To simulate the interference pattern produced by a double-slit experiment with a double Gaussian wave function and compute the quantum potential, we can follow these steps:

• Define the double Gaussian wave function.
• Simulate the double-slit experiment by allowing the wave function to pass through two slits.
• Compute the interference pattern resulting from the superposition of the waves passing through the two slits.
• Compute the quantum potential based on the resulting wave function.
• Plot the interference pattern and the quantum potential.

The results are:

    """

    This code defines a double Gaussian wave function, computes its quantum potential, 

    and then plots both the wave function and the quantum potential. Adjust the parameters 

    as needed to observe different behaviors.

    """

import numpy as np

import matplotlib.pyplot as plt

def compute_quantum_potential(psi, h_bar=1, m=1):

    """

    Computes the quantum potential for a given wave function.

    Arguments:

    psi : array_like

        1-D array representing the wave function.

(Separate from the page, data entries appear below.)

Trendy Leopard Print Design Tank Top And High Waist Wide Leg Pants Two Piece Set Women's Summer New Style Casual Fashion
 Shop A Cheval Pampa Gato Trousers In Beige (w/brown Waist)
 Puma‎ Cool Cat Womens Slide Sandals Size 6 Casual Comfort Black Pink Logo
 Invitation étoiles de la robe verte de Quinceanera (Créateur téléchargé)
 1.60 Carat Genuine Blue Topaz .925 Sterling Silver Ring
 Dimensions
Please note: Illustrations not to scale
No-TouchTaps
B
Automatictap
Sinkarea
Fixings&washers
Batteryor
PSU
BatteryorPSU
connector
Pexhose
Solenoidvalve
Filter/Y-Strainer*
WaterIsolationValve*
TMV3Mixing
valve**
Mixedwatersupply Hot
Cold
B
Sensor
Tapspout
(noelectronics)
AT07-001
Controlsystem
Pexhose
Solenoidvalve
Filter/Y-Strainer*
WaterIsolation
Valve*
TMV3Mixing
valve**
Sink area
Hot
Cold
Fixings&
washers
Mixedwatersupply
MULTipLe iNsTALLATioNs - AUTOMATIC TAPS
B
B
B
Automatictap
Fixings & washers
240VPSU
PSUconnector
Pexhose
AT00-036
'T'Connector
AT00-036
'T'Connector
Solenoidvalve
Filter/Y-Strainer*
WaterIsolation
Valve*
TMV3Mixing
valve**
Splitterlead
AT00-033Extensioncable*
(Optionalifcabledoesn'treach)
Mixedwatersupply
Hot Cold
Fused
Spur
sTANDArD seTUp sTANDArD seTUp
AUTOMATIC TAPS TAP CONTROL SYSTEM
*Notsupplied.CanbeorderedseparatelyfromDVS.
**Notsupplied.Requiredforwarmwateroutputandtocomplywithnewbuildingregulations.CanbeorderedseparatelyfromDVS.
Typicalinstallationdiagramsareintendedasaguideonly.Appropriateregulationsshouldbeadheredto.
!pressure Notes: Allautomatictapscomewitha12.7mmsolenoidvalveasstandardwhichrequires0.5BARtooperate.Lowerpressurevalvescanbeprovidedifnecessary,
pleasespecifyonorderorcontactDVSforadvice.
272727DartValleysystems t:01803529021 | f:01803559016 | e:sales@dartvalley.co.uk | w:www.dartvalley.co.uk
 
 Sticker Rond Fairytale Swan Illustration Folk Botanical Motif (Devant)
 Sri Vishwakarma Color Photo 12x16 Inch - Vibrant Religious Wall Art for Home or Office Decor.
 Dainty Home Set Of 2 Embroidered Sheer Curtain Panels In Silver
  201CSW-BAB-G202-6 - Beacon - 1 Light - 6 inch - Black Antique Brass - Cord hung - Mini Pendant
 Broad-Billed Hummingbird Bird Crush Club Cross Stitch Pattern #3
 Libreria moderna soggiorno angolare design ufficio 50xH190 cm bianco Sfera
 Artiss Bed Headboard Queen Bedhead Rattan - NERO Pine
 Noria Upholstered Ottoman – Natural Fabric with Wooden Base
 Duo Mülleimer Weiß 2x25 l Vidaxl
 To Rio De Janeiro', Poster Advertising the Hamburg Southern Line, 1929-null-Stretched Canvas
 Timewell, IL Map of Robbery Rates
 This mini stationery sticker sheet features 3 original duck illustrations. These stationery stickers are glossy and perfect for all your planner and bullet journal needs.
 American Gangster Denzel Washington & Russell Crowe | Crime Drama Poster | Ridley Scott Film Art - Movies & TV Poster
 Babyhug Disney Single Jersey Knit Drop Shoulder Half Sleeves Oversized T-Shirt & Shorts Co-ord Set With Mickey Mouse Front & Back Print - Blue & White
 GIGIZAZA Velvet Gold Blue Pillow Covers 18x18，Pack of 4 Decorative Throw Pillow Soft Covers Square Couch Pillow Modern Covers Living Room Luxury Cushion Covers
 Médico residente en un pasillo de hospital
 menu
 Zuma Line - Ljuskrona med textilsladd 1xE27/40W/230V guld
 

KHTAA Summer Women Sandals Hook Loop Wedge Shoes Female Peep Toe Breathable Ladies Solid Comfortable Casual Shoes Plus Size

    h_bar : float, optional

        Value of the reduced Planck constant (default is 1).

    m : float, optional

        Mass of the particle (default is 1).

    Returns:

    quantum_potential : array_like

        1-D array representing the quantum potential.

    """

    # Compute the magnitude of the wave function

    psi_magnitude = np.abs(psi)

    # Compute the second derivative of the wave function

    second_derivative = np.gradient(np.gradient(psi_magnitude))

    # Compute the quantum potential

    quantum_potential = - (h_bar**2 / (2 * m)) * (second_derivative / psi_magnitude)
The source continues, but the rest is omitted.